Reproduce the listing below character for character; drop every image.

# DATA SEGMENT:
= = = = = = =
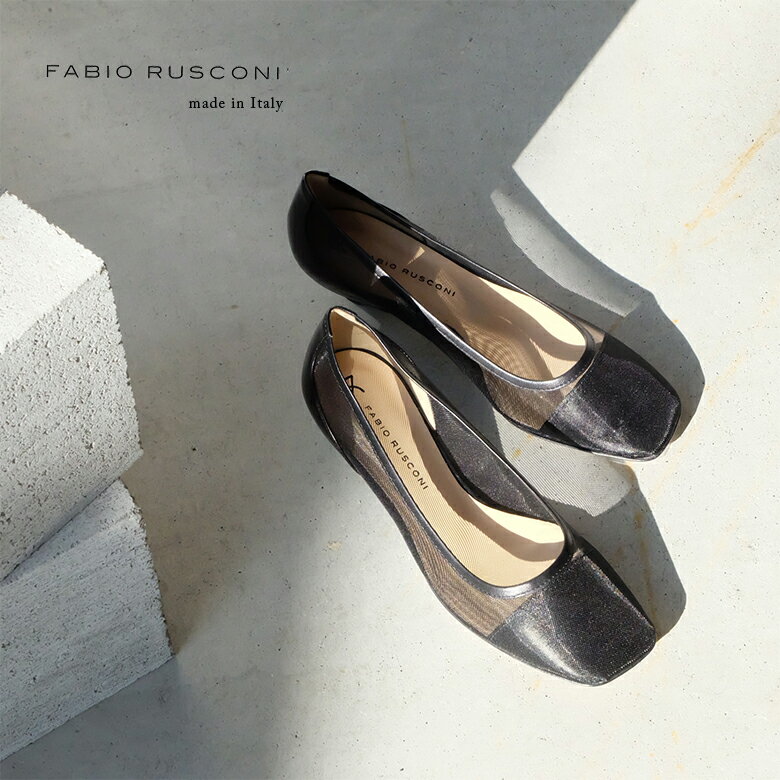 楽天市場】ファビオ ルスコーニ チュールの通販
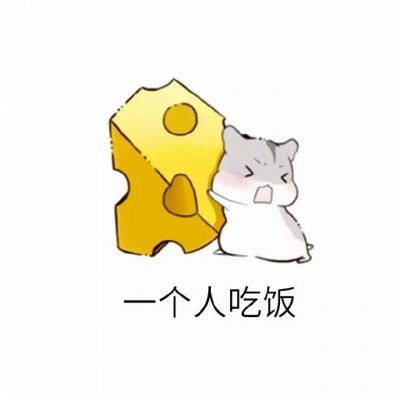  你有什么常用又有趣的表情包十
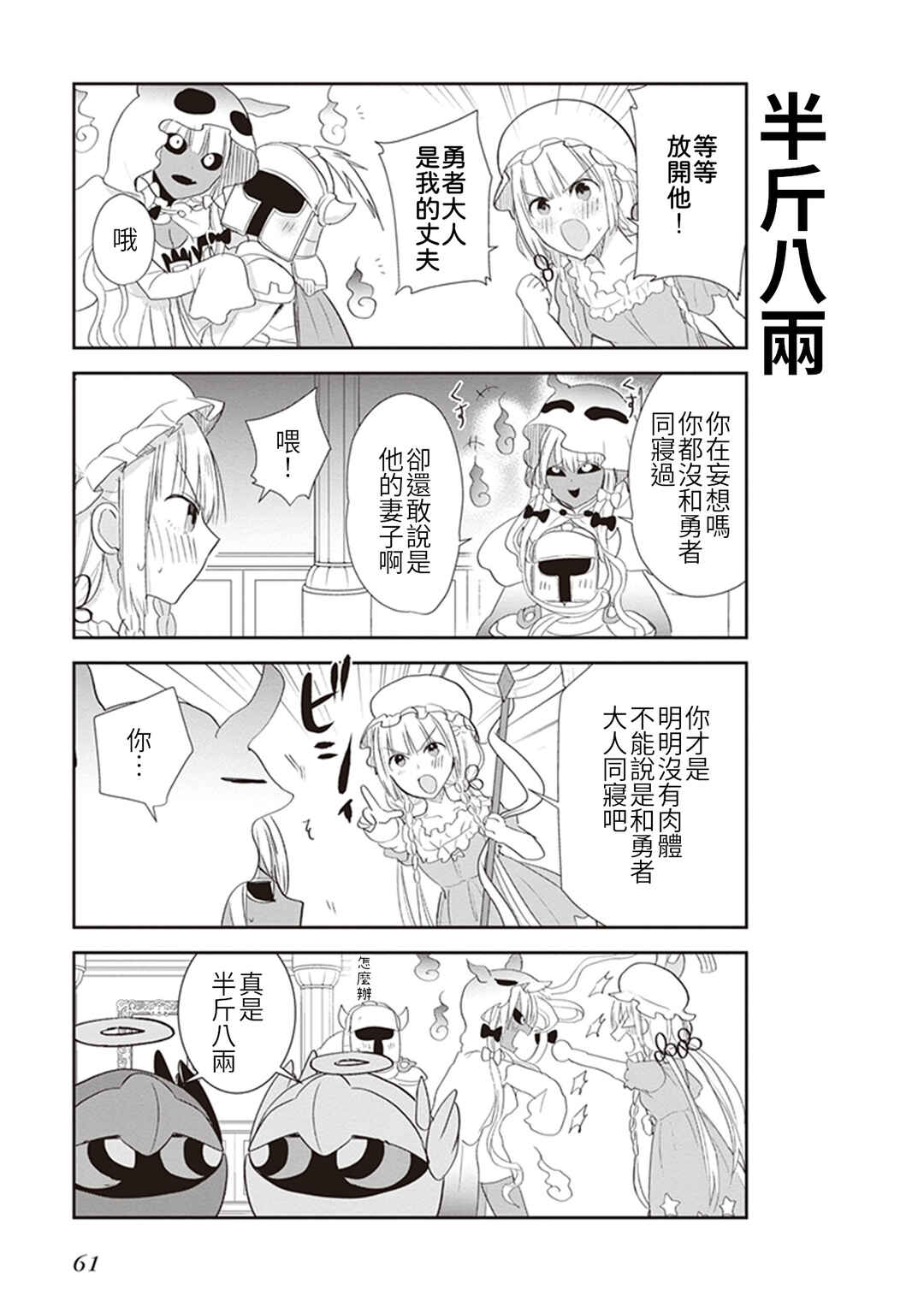 Anata no Danna Uwaki Shitemasu yo Chapter 12 - Page 7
= = = = = = =
# WRITTEN RESPONSE:
 楽天市場】ファビオ ルスコーニ チュールの通販
  你有什么常用又有趣的表情包十
 Anata no Danna Uwaki Shitemasu yo Chapter 12 - Page 7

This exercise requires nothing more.